Diante disso temos os dois tipos de presunções, as denominadas juris et de jure e as juris tantum, que podem ser conceituadas no dizer de Hildebrand, em sua obra supracitada:
Presunção Absoluta – Circunstância conhecida e provada que não admite prova em contrário [...] Presunção juris et de jure – Diz-se da presunção legal que não admite prova em contrário.
Presunção relativa – Circunstância conhecida e provada que admite prova em contrário [...] Presunção juris tantum de veracidade – Diz-se da presunção legal que prevalece até prova em contrário. (HILDEBRAND, 2009, p. 122). (grifo nosso)

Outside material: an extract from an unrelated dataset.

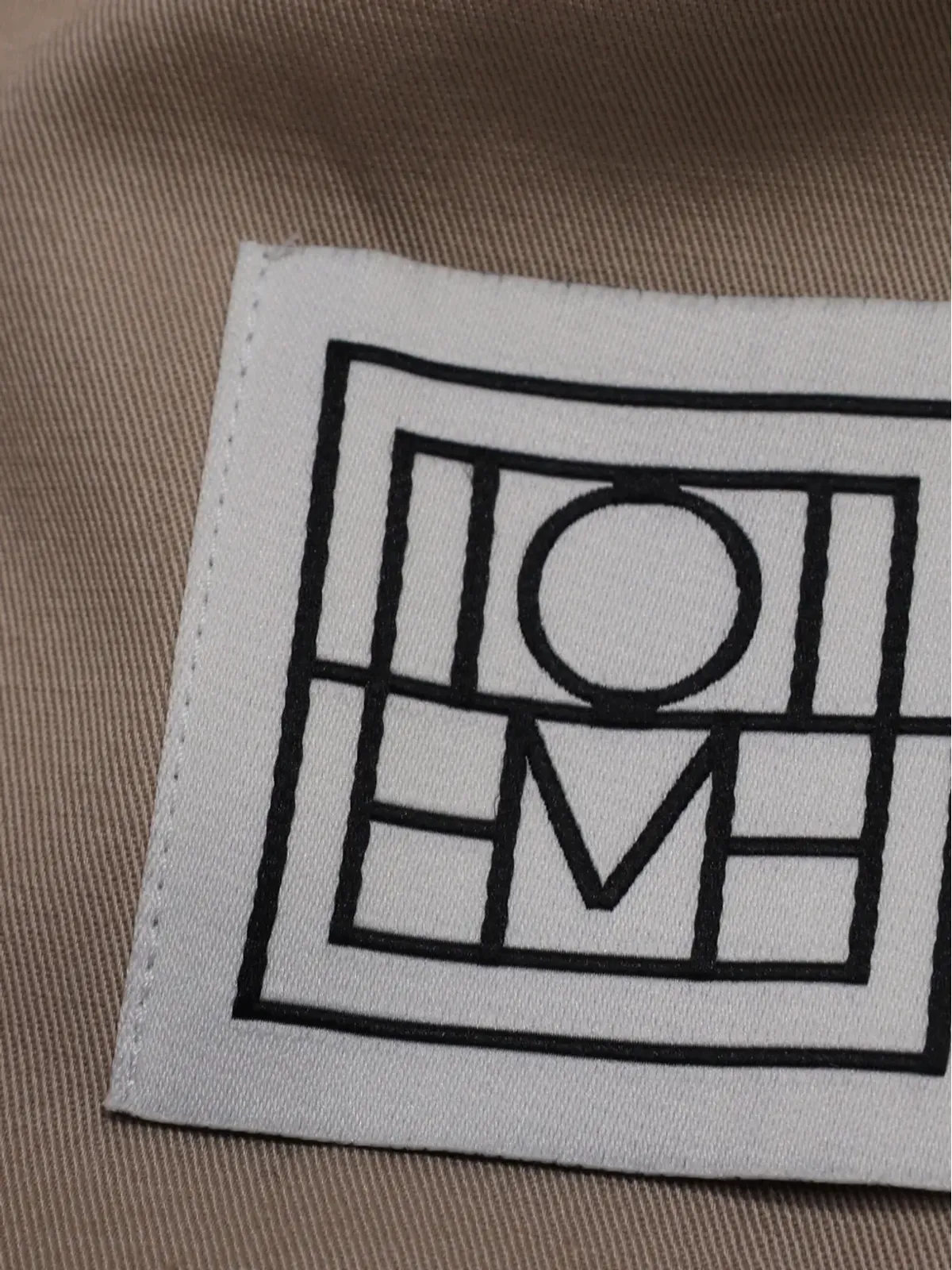 TOTEME ダブルブレスト コットンジャケット - 画像5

Por questões político-criminais adotou o nosso Código Penal, antes da vigência da Lei 12.015/09, a Presunção de Violência, também denominada de Violência Ficta, nas hipóteses consagradas no art. 224 do Código Penal Brasileiro. Dessa forma, tinha-se a seguinte redação para o artigo supramencionado: "Presume-se a violência, se a vítima: a) não é maior de 14 (catorze) anos; b) é alienada ou débil mental, e o agente conhecia esta circunstância; c) não pode, por qualquer outra causa, oferecer resistência".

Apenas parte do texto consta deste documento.